Ia tidak takut dianggap keterlaluan dengan membiarkan laki-laki itu pulang
dengan tangan hampa meski telah melakukan perjalanan jauh. Imam Malik ingin
menegaskan bahwa pengamalan agama harus dibangun dengan pengetahuan dan rasa
takut kepada Allah. Imam Malik mengatakan:
ليس
العلم بكثرة الرواية وإنما هو نور يضعه الله في القلب
“Ilmu itu bukanlah banyaknya riwayat,
melainkan cahaya yang diletakkan Allah dalam hati.” (Imam Jalâluddîn Abû
al-Farj bin al-Jauzi, Shifat al-Shafwah, hlm 361)
Jika ditarik dalam konteks sekarang,
perkataan Imam Malik dapat dipahami dengan rangkaian kalimat, “pengetahuan itu
bukan seberapa banyak kau hafal dalil agama, dan bukan pula seberapa cepat kau
menjawab pertanyaan agama, melainkan cahaya yang diletakkan Allah di
hatimu.”
Cahaya itu bersifat menerangi. Kata sebagian
bijak bestari, manusia bisa melihat bukan sekedar karena dia punya mata, tapi
juga karena adanya cahaya. Dengan cahaya kita bisa melihat dengan utuh, tidak
sepotong-potong. Jika cahaya telah memasuki hatinya, cahaya itulah yang
kemudian membuatnya melihat dengan jelas dirinya sendiri. Dia bisa bercermin
untuk menakar seberapa dalam pengetahuannya sebelum mengukur seberapa kuat
imannya. Dia menjadi tahu seberapa besar pengetahuan yang dimilikinya, sehingga
ketika ada pertanyaan, dia memahami betul jika dia memiliki jawabannya atau
tidak.
Selain itu, cahaya adalah simbol pencerahan
dan perubahan. Lambang dari pengetahuan. Karena itu, Imam Malik berpandangan
pengetahuan bukan seberapa banyak hafalan riwayat dan penyebarannya, tapi
cahaya yang menerangi hati manusia. Kenapa cahaya dijadikan sebagai simbol?

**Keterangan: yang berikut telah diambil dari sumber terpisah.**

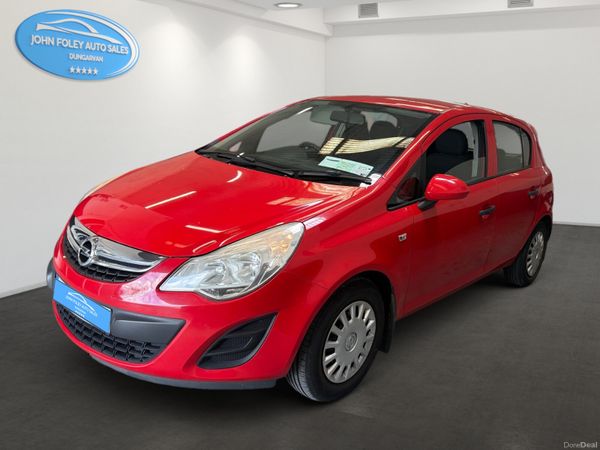 Opel Corsa Hatchback, Petrol, 2013, Red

Karena cahaya tidak pernah memilih siapa atau apa yang diteranginya. Cahaya
menghangatkan semuanya seperti matahari. Hafez (w. 1390 M), seorang penyair
Persia berpuisi: “Even after all this time, the sun never says to the earth,
'You owe me.' Look what happens with a love like that. It lights the whole
sky—bahkan setelah sekian lama, matahari tak pernah sekalipun berujar pada
bumi, ‘Kau berhutang padaku.’ Lihatlah, apa yang terjadi dengan cinta semacam
ini. Itu menerangi seluruh langit.” (Hafez, The Gift: Poems by Hafez, The Great
Sufi Master, terj. Daniel Ladinsky, New York: Penguin Compass, 1999, hlm 34)
Artinya, orang yang berilmu harus menjadi
pelita bagi semuanya tanpa pandang bulu. Pelita yang mencahayai jalan yang
harus ditempuh manusia. Dalam kisah di atas, Imam Malik sedang menerapkannya.
Ia tidak mau menjerumuskan orang lain dengan jawabannya. Bagi orang-orang
berilmu, sedikit tahu masih kurang untuk membuat mereka berpendapat, apalagi
jika mereka merasa benar-benar tidak tahu. Karenanya, Imam Malik butuh waktu
untuk melakukan riset, telaah, dan pandangan dari berbagai sisi sebelum
memberikan jawabannya. Ia pun tanpa ragu menjawab, “aku tidak tahu.” []
Muhammad Afiq Zahara, alumni Pondok Pesantren
Darussa’adah, Bulus, Kritig, Petanahan, Kebumen.